Marketing / Advertising / Business Strategy
Marketing / Advertising / Business StrategyBritt's Advertising Maxim
Awareness comes before consideration and purchase.
Popularity
Usefulness
Aliases
advertising-visibility maxim / "winking in the dark" quote
Domains
Marketing, advertising, brand awareness, go-to-market strategy
Definition
- Britt's Advertising Maxim is the popular advertising aphorism that doing business without promotion leaves even a good product invisible to the people who might buy it.
Core Idea
- Awareness comes before consideration and purchase.
- A strong product still needs visibility.
- Promotion does not guarantee success, but invisibility makes success much harder.
How It Works
- Advertising or promotion makes potential customers aware that an offering exists.
- That awareness creates the chance for consideration, trial, and purchase.
- Without visibility, product quality alone may never reach enough people to matter.
Usage Example
- A startup with a useful product struggles until it invests in clear messaging and distribution, after which buyers finally discover what it offers.
Famous Example
- Example: The saying often attributed to Steuart Henderson Britt that doing business without advertising is like "winking in the dark."
- Why it fits this rule: It captures the idea that unseen effort produces little market effect.
- Verification status: The maxim is widely repeated, but versions of the saying predate Britt, so he is better treated as a popularizer than as the certain originator.
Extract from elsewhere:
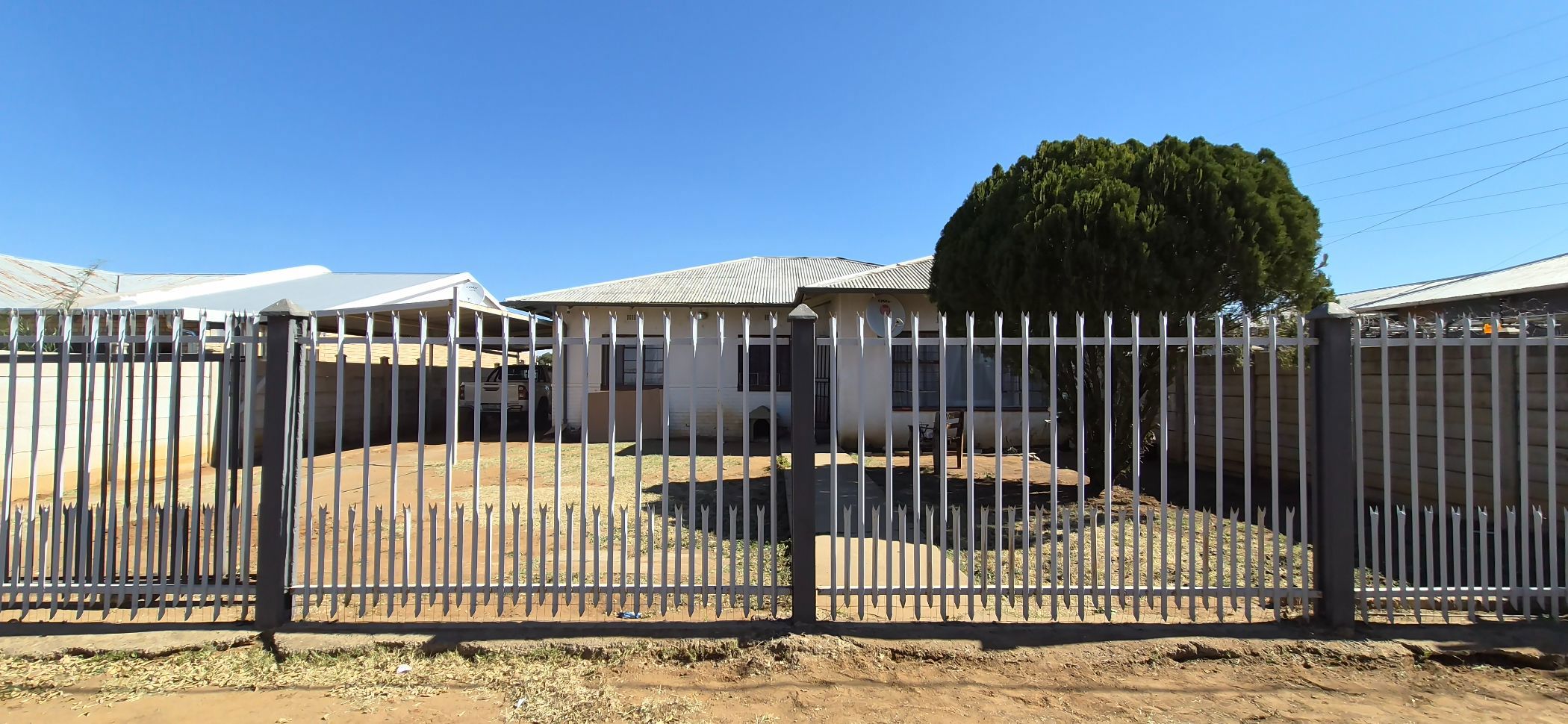 House to rent in Beaconsfield - 1KJ1748133
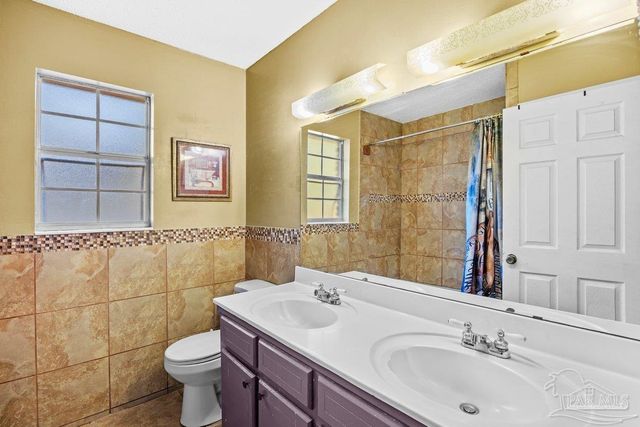 6002 Sarah Dr, Pensacola, FL 32503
It is an aphorism, not a theorem.
Use Cases / Situations Where It Applies
- Product launches.
- Brand-awareness strategy.
- Explaining why distribution and promotion matter.
When Not to Use or Common Misuse
- Do not assume advertising can rescue a weak product indefinitely.
- Do not confuse attention with trust or product-market fit.
- Do not overspend on visibility while ignoring the offering itself.
Rule Invention / Origin
- Invented by: Popularized by Steuart Henderson Britt; earlier versions existed before him.
- Year of invention: Earlier forms appear before the mid-20th century.
- Country / context of origin: English-language advertising and business rhetoric.
Evidence / Research Basis
- Supported at a basic level by marketing logic: customers generally cannot choose an offering they do not know exists.